» **Task brief**: What you give must be the lines from the one containing "Apartament cu 3 camere decomandat în Gară" through the last line of the listing below, exactly, with nothing else and no pictures.

» **Records provided**:
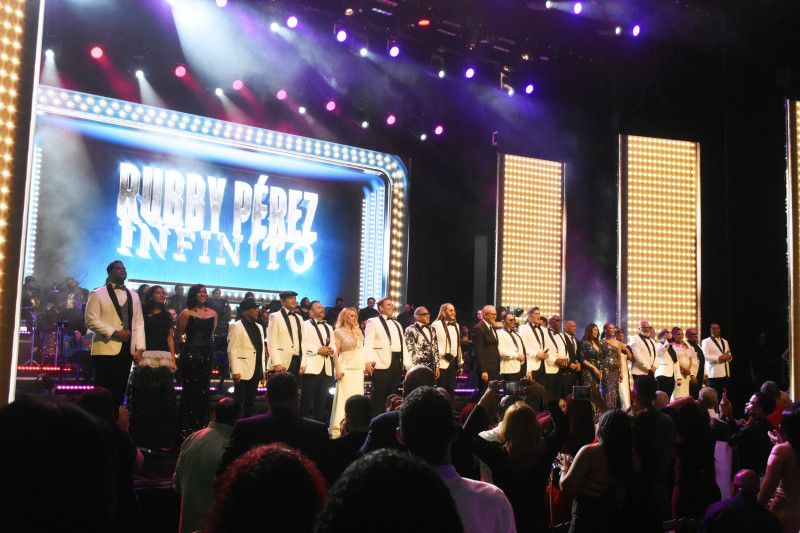 Decenas de artistas honran a Rubby Pérez en un espectáculo que abrazó la IA y los recuerdos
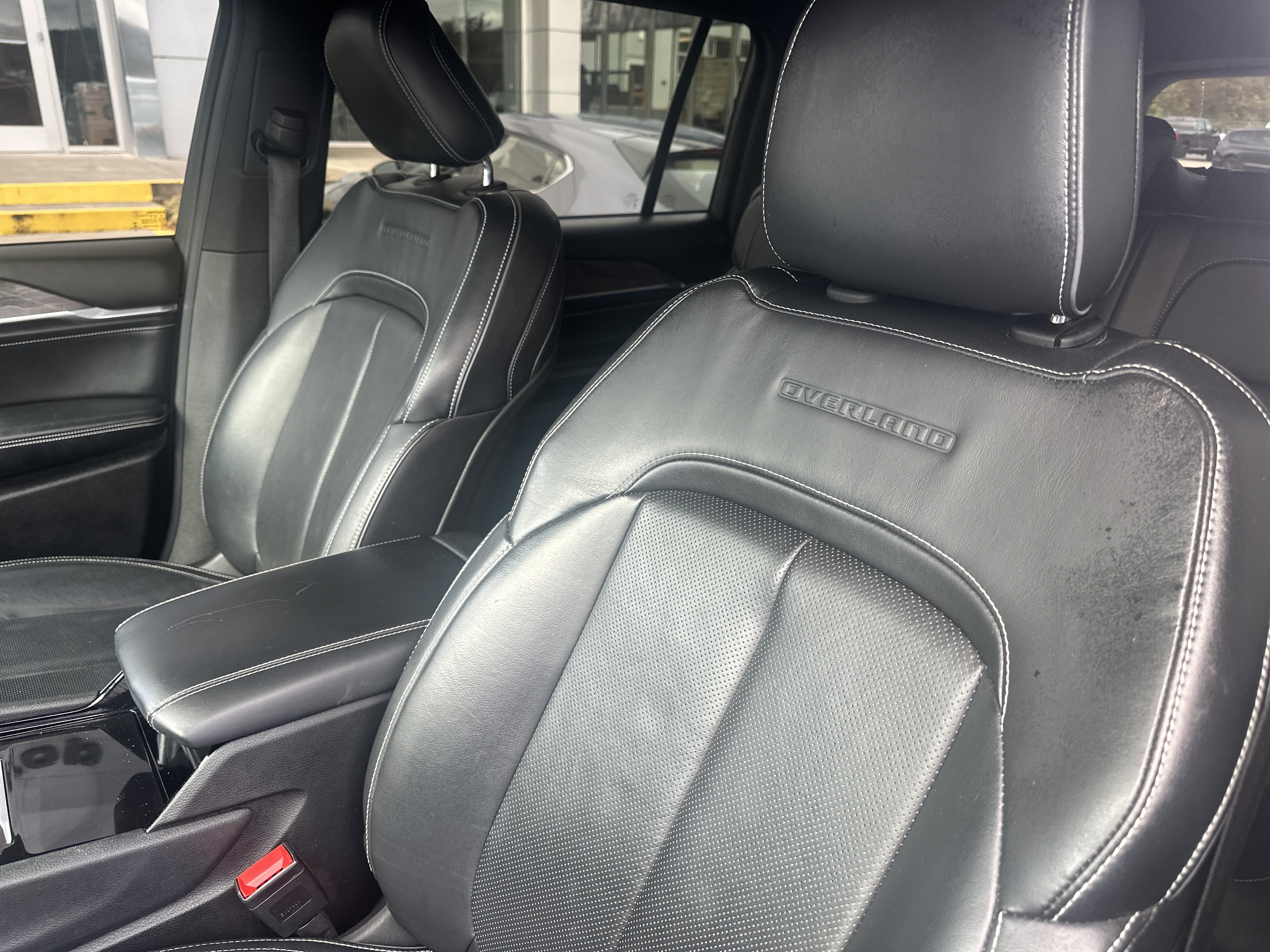 Used 2022 Jeep Grand Cherokee L Overland image 16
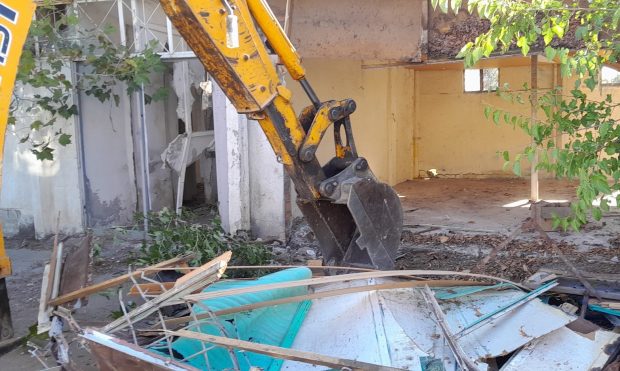 Construcții ridicate ilegal la Ploiești, demolate de buldozerele primăriei: „Aducem din nou la lumină arena Teleajen”
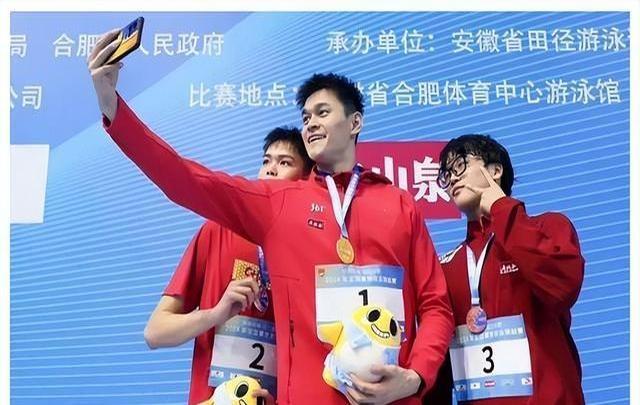 张豆豆：我因挺胸照意外走红，如今身后却跟了最爱哭的“大高个”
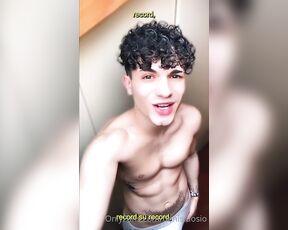 Denis Dosio aka denisdosio OnlyFans - SCEGLI IL TUO PREFERITO @tommaso2004 & @giovannjmessina vogliono entrare a far parte della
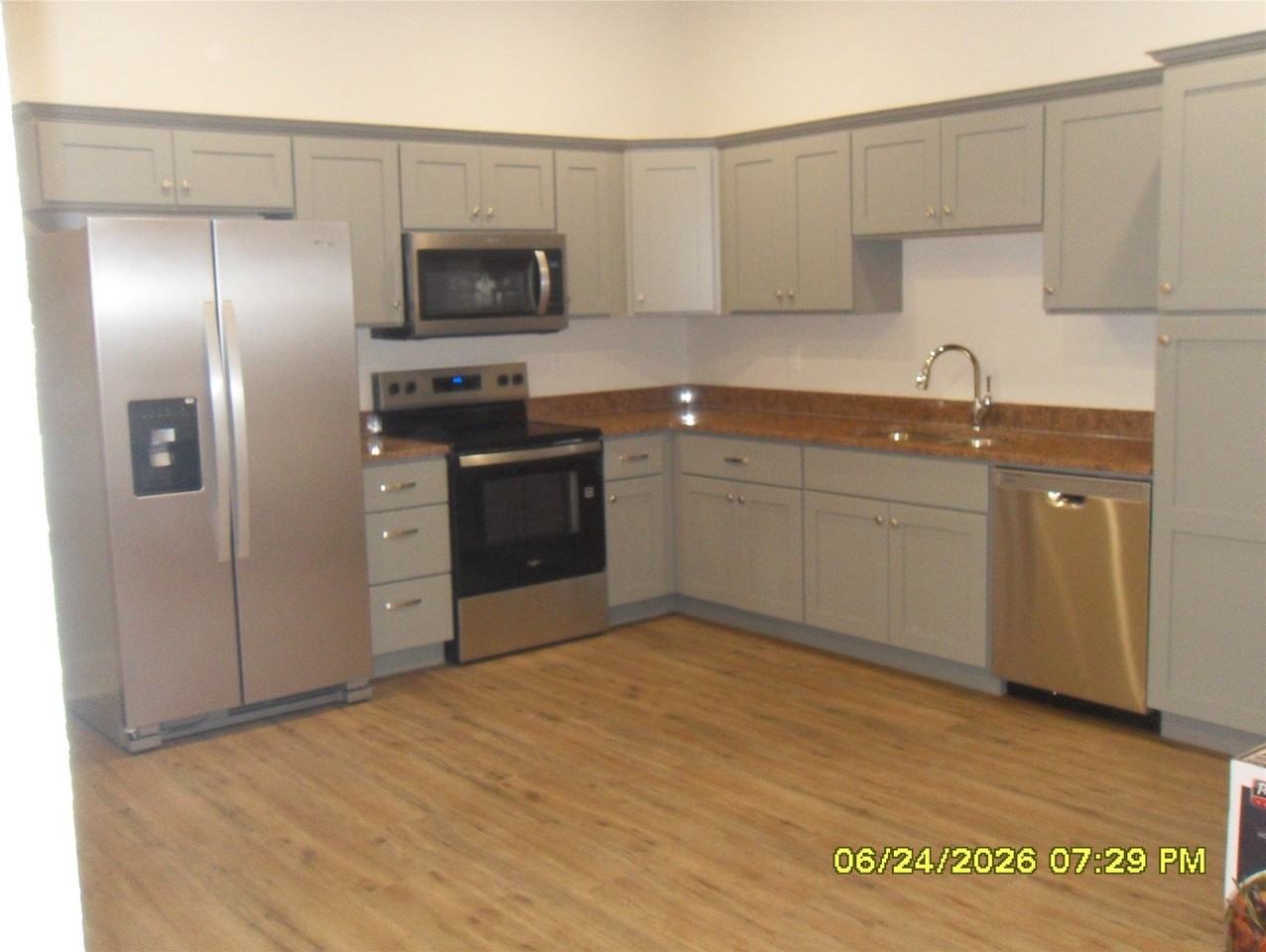401 W 4th St - Photo 3 of 20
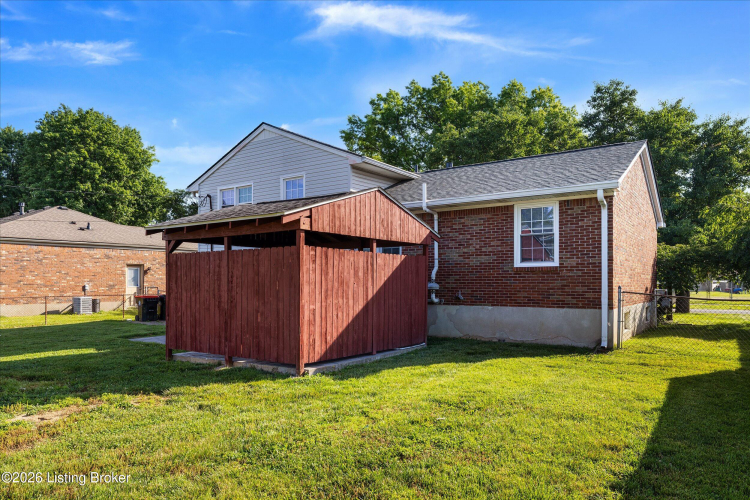 Listing Image 42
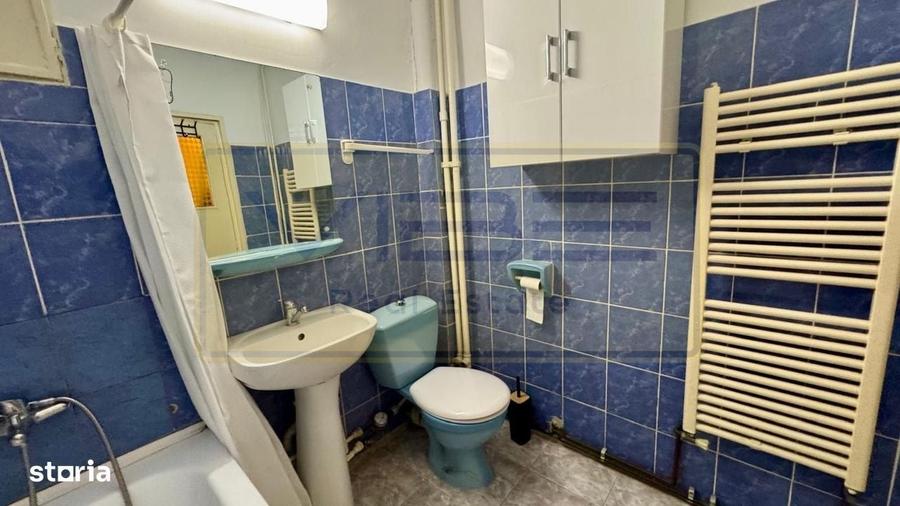 Apartament cu 3 camere decomandat în Gară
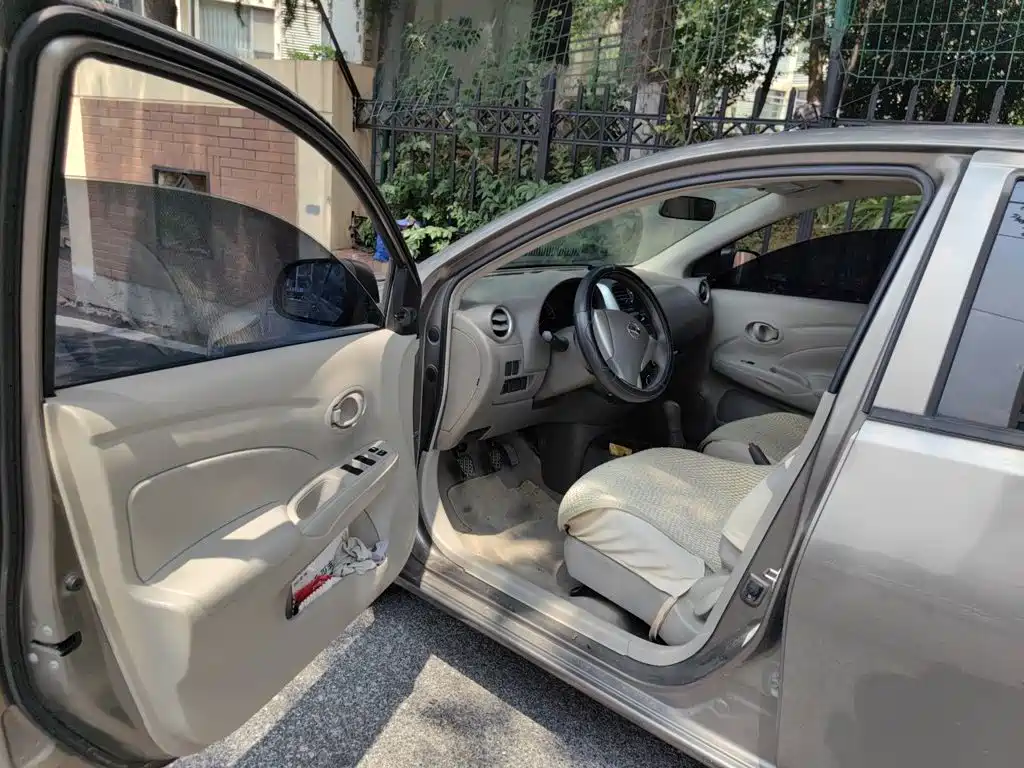 Nissan Sunny 2015 — фото 14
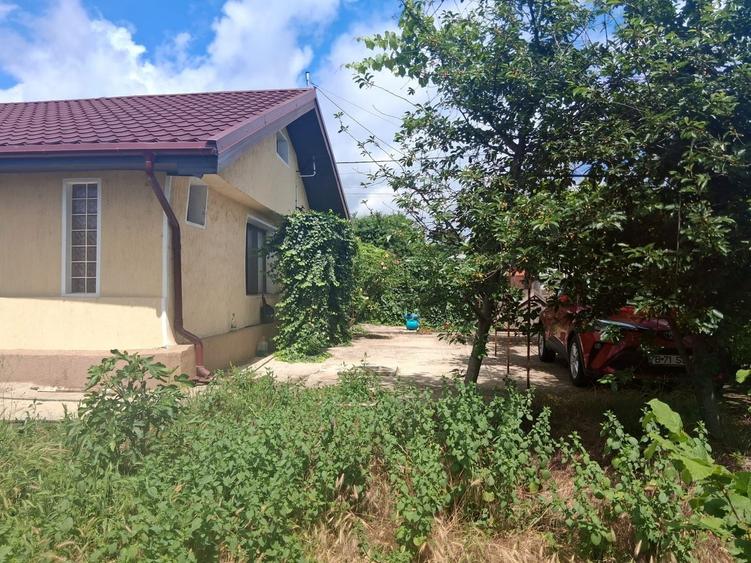 Casă individuală cu 3 camere cu Canalizare în Vânători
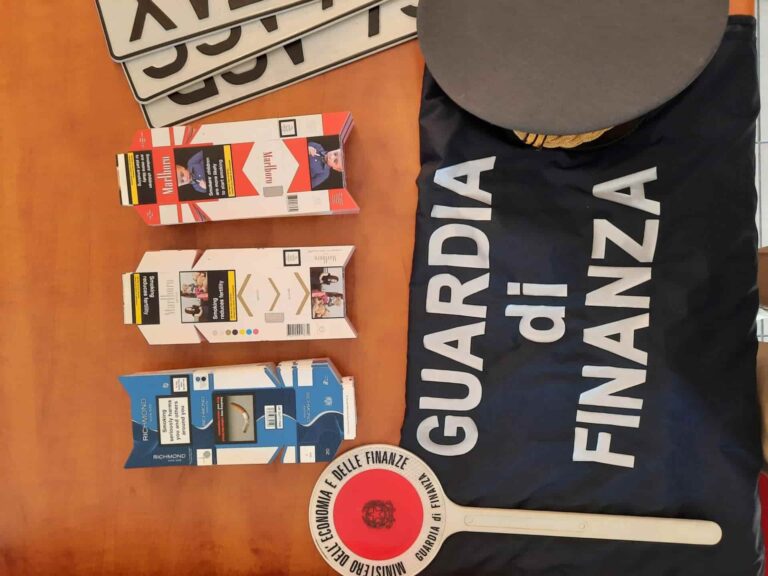 Gdf, sequestrato materiale per sigarette di contrabbando: perquisizioni anche in Toscana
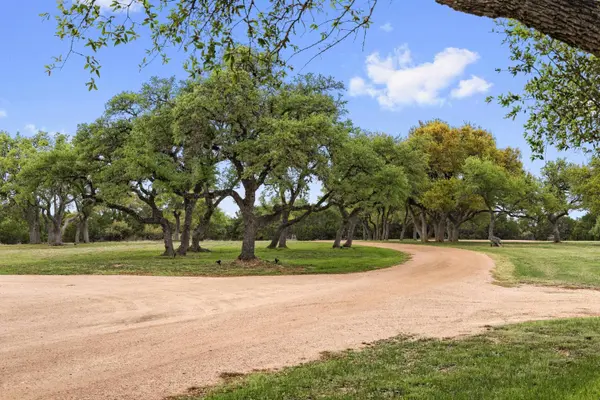 7503 E US Hwy 290, Johnson City, TX 78636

» **Result for this exercise**:
 Apartament cu 3 camere decomandat în Gară
 Nissan Sunny 2015 — фото 14
 Casă individuală cu 3 camere cu Canalizare în Vânători
 Gdf, sequestrato materiale per sigarette di contrabbando: perquisizioni anche in Toscana
 7503 E US Hwy 290, Johnson City, TX 78636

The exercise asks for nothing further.